Hello, jacs!

In $\displaystyle \Delta ABC,\:D$ is the midpoint of $\displaystyle BC$.

Prove that: .$\displaystyle AB^2 + AC^2 \:= \:2\!\cdot\!AD^2 + 2\!\cdot\!CD^2$

We have: .$\displaystyle \Delta ABC$ with median $\displaystyle AD$.

Let $\displaystyle BD = DC = x$.

Drop perpendicular $\displaystyle AE$ from vertex $\displaystyle A$ to side $\displaystyle BC$. .Let $\displaystyle h = AE$.

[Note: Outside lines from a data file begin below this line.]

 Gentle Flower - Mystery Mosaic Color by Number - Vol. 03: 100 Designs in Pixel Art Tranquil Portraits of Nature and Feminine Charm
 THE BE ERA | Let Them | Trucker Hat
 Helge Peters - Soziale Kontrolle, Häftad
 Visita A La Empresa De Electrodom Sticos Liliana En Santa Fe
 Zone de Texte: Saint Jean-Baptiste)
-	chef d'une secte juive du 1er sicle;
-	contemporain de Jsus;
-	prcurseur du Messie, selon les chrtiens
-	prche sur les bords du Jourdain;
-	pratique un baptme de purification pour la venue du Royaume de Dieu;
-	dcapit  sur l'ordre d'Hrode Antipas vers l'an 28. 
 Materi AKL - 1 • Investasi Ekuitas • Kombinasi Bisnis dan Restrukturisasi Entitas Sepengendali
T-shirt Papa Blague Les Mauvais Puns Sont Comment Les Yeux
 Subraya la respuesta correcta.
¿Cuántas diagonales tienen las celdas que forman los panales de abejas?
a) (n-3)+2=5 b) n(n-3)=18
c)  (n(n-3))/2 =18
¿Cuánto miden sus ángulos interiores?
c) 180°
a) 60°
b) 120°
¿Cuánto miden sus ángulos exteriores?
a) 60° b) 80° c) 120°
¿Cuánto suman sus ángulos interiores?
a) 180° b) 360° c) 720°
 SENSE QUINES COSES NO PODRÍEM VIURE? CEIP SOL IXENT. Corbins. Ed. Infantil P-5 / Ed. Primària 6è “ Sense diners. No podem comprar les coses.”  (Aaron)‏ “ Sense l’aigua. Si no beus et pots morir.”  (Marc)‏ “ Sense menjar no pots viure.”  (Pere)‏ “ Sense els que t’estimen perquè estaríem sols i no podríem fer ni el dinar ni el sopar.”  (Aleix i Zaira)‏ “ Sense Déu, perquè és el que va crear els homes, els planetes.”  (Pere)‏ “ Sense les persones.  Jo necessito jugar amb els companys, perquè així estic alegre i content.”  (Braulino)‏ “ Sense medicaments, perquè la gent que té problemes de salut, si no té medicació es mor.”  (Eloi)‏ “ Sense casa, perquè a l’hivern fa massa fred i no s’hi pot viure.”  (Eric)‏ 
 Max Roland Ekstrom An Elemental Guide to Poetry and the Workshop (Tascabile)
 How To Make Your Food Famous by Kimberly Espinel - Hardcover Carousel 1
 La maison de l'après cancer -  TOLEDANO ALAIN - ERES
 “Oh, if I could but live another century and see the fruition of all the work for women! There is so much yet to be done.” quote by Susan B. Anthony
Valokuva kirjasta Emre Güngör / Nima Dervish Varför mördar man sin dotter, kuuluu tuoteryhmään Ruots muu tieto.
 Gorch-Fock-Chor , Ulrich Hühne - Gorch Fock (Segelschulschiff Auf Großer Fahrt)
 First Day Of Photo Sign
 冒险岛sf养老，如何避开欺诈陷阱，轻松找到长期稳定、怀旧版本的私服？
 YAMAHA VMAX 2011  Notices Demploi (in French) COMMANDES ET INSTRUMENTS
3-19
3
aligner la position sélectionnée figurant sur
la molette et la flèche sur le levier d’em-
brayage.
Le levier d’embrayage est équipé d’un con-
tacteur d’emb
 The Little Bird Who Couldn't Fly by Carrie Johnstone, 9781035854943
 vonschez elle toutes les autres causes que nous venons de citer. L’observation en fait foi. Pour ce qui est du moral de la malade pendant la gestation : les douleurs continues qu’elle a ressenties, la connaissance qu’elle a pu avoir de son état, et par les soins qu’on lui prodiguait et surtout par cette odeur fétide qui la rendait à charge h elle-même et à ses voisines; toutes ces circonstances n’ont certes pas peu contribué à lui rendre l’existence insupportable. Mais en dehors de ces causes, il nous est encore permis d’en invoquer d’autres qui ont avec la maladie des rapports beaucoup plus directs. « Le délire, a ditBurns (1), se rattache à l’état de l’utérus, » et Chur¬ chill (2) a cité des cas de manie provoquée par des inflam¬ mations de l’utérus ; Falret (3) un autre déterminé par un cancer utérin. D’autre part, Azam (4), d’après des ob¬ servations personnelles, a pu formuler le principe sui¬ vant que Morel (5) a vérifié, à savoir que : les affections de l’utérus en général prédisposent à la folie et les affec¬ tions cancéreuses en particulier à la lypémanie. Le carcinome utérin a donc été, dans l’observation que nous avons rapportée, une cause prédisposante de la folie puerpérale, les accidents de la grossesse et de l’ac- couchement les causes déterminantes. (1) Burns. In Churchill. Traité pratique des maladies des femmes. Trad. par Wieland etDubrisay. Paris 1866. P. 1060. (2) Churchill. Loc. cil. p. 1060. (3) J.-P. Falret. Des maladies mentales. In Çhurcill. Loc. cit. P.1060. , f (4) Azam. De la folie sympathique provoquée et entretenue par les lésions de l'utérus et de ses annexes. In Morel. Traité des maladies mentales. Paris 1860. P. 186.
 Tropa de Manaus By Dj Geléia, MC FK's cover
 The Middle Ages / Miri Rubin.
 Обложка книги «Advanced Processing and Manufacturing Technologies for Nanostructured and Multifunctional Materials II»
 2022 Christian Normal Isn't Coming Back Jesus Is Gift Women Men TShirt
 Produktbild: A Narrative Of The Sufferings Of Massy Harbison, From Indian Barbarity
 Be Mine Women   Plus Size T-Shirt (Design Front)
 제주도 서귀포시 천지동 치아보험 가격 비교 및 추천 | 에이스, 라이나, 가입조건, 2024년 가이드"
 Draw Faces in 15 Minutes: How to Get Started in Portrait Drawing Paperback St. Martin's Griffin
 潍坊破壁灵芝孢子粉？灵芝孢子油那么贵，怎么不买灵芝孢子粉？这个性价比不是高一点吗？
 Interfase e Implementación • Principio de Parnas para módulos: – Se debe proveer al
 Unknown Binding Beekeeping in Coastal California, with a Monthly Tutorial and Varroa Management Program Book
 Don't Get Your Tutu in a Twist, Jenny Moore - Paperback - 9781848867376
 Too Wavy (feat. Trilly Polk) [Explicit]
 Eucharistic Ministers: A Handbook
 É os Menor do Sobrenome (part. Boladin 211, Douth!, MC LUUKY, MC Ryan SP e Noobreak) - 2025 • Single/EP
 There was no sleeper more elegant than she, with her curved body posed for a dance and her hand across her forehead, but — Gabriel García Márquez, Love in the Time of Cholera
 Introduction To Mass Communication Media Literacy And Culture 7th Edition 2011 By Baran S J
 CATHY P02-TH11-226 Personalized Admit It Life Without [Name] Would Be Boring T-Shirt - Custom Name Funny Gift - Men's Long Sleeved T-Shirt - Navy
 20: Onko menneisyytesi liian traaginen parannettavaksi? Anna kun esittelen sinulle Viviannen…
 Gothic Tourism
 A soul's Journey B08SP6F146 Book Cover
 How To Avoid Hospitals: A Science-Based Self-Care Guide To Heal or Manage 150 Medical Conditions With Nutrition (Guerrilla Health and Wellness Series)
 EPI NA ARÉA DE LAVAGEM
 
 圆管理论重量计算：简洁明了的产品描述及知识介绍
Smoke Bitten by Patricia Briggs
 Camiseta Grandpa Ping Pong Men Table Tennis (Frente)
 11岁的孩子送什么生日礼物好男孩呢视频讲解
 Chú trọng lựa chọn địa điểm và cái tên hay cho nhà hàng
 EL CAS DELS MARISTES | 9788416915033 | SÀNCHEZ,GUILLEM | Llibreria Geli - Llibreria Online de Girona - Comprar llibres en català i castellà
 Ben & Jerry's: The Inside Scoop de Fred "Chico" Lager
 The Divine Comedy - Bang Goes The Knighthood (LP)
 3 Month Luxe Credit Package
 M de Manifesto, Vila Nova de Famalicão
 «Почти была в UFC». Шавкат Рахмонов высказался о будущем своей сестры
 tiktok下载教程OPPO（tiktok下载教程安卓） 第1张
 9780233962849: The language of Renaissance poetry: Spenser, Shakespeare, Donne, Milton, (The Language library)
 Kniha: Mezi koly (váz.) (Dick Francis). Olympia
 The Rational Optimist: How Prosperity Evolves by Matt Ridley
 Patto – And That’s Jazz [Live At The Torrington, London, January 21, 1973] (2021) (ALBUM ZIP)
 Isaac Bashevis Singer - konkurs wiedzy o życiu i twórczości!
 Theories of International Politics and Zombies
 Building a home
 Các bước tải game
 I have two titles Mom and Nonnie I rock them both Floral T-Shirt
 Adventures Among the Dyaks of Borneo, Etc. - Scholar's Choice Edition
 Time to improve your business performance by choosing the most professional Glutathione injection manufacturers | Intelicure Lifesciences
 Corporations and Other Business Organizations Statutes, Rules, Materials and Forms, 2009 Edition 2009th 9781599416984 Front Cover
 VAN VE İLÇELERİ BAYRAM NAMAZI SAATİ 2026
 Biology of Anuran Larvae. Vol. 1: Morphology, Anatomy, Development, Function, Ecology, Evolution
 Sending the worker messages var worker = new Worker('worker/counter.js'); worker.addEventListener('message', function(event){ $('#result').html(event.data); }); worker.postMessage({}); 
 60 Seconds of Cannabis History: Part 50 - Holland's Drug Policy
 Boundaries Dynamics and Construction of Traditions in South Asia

.Let $\displaystyle a = ED$, then: $\displaystyle BE = x - a$ Code:

A
*
*:* *
* : * *
* : * *
* : * *
* :h * *
* : * *
* : * *
B * - - - + - - - * - - - - - - - * C
x-a E a D x

In right triangle $\displaystyle AEB\!:\;\;AB^2\;=\;h^2 + (x-a)^2$ . **[1]**

In right triangle $\displaystyle AEC\!:\;\;AC^2 \;=\;h^2 + (x+a)^2$ . **[2]**

Add [1] and [2]: .$\displaystyle AB^2 + AC^2 \;=\;h^2 + (x-a)^2 + h^2 + (x+a)^2$

And we have: .$\displaystyle AB^2 + AC^2 \;=\;2(h^2+a^2) + 2x^2$ . **[3]**

. . In right triangle $\displaystyle AED\!:\;\;h^2 + a^2 \:=\:AD^2$

. . . . We also know that:.$\displaystyle x = CD$

Therefore, [3] becomes: .$\displaystyle AB^2 + AC^2 \;=\;2\!\cdot\!AD^2 + 2\!\cdot\!CD^2$